まずダンスミュージカルだという点が大切だったので、ミュージカル『ハミルトン』(15年)の振付を務めたアンディ・ブランケンビューラーを起用しました。特に彼は、『キャッツ』のブロードウェイ・リバイバル(16年)も手掛けており、この作品のことを熟知していただけでなく、それを再構築することも恐れない人物でした。

私が『レ・ミゼラブル』から学んだのは、オリジナルの音楽構成を大切にすることが持つ力です。『レ・ミゼラブル』はほぼ全編が歌曲ですが、それは当時のミュージカル映画としては非常に稀な形式でした。ですので『キャッツ』でも、歌を中心に据えることに非常に興味がありましたし、ロイド=ウェバーが作り出した音楽構成に特に注意を払うようにしました。さらにこの構成の中に新しい要素が上手く融合するよう、アンドリューとは非常に上手く連携することが出来ました。彼は構成作りに非常に長けていますからね。

そして最も大切だったのは、人間が猫を演じるということ。アニメでもなく、『ライオン・キング』のような”本物”のような描き方でもなく。というのは、T・S・エリオットの詩では明らかに、猫と同じほど人間について表現されていると感じられたからです。イアン・マッケラン演じる劇場の猫のガスは明らかに俳優としての生涯を表していますし、当時の劇場がネズミを駆除するために猫を飼っていたことも反映されています。詩に登場する猫は、猫でありながらも人間のようでもあり、猫の視点を通じて人間を、人間の視点を通じて猫を見るようなものです。そのため、猫であると同時に人間でもあるキャラクターにすることが、この詩を理解するのに最も相応しいと考えました。

Photo: Kazuhiko Okuno

──映画版ではヴィクトリアを主人公として、捨てられて行き場のない猫から変化していく様が描かれています。このストーリーラインはどのようにして生まれたのですか?
脚本は、『ビリー・エリオット』を手掛けたリー・ホールと書きました。彼は本当に才能のある脚本家です。(舞台版の)物語の序盤に、ダンスする白猫がいるというのがきっかけとなりました。若い猫の目覚めのようなダンスでしたが、彼女を主人公として構築することが、映画化における根本的な問題に対する答えとなると考えました。舞台版では、猫たちは観客に向かって歌い、様々なことをずっと説明していくわけですが、映画では、すべての曲でカメラに向かって自身を紹介するようなことは出来ません。そのため、”よそ者”の猫が登場し、ジェリクルや特別な夜について何も知らないために、すべてを説明してあげるという案に興味を持ちました。さらには、彼女が受け入れられるかどうかというストーリー上の緊張を生むこともできるかもしれないとも考えました。『ウエスト・サイド・ストーリー』のように、ジェリクルキャッツの集団に受け入れられるのか、拒絶されるのか、というものですね。

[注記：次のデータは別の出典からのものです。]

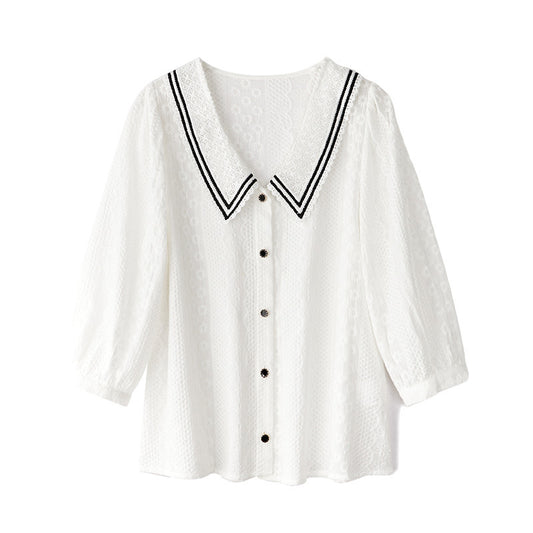 Blusa Ejecutiva de Encaje Tres Cuartos Blanco Talla S - Image 2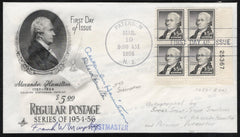 US 1956 #1053 FDC  Signed by Great Great Grandsons of Hamilton + PM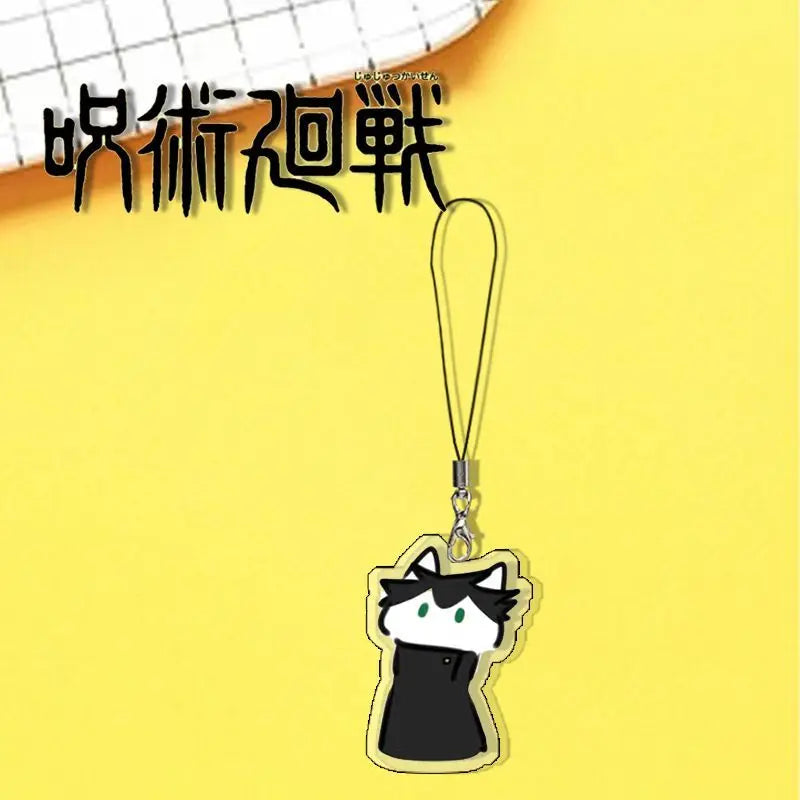 Anime Jujutsu Kaisen Itadori Yuji Satoru Gojo Suku Cartoon Cute Q Cat Keychain Backpack Pendant Mobile Phone Accessories Gifts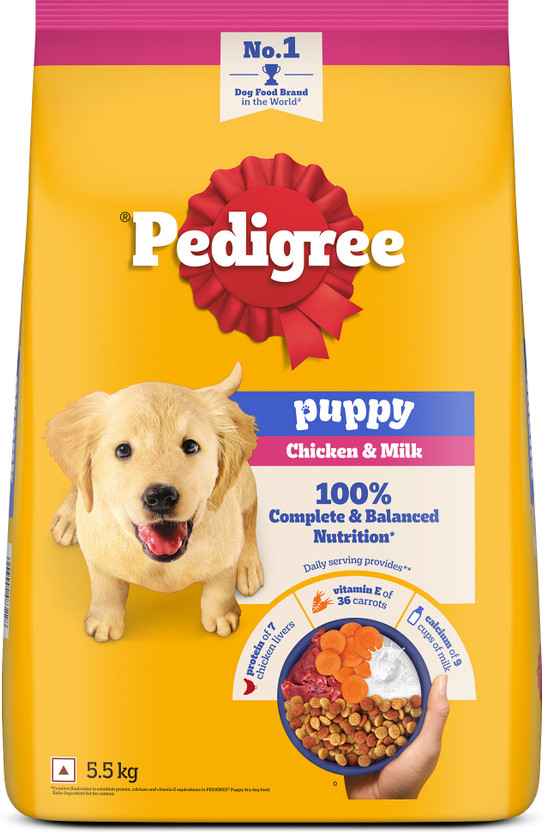 PEDIGREE 100% Complete & Balanced Nutrition Chicken, Milk 5.5 kg Dry Young Dog Food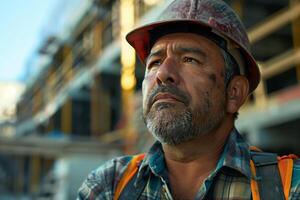 A man in a hard hat and safety vest standing in front of a construction site photo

そしてそれが、ピカレスク小説のようなアイディアに繋がりました。主人公が旅をする中で、様々な道義的な罠を体現化したキャラクターと出会っていく、中世の道徳物語ですね。本作では、バストファー・ジョーンズは食べすぎの過食症、マンゴジェリー&ランペルティーザは犯罪者、ラム・タム・タガーは情欲を表しています。情欲は続かず一時的なもので、情欲に満ちた男は信用するなと学ばなければならないのです。本作は、様々なジェリクルキャッツとの出会いを通じて、ヴィクトリアに様々な生き方が提案されていく、彼女の成長物語とも言えると思います。

ラム・タム・タガー(ジェイソン・デルーロ)

そして、捨てられた存在というアイディアは、グリザベラとヴィクトリアに共通点を持たせ、お互いが共感できるようにするところから生まれました。よそ者であることから、仲間外れであることの痛みを理解し、優しさの手を差し伸べることが出来るわけです。そしてヴィクトリアの思いやりが、グリザベラに変化をもたらすことにつながります。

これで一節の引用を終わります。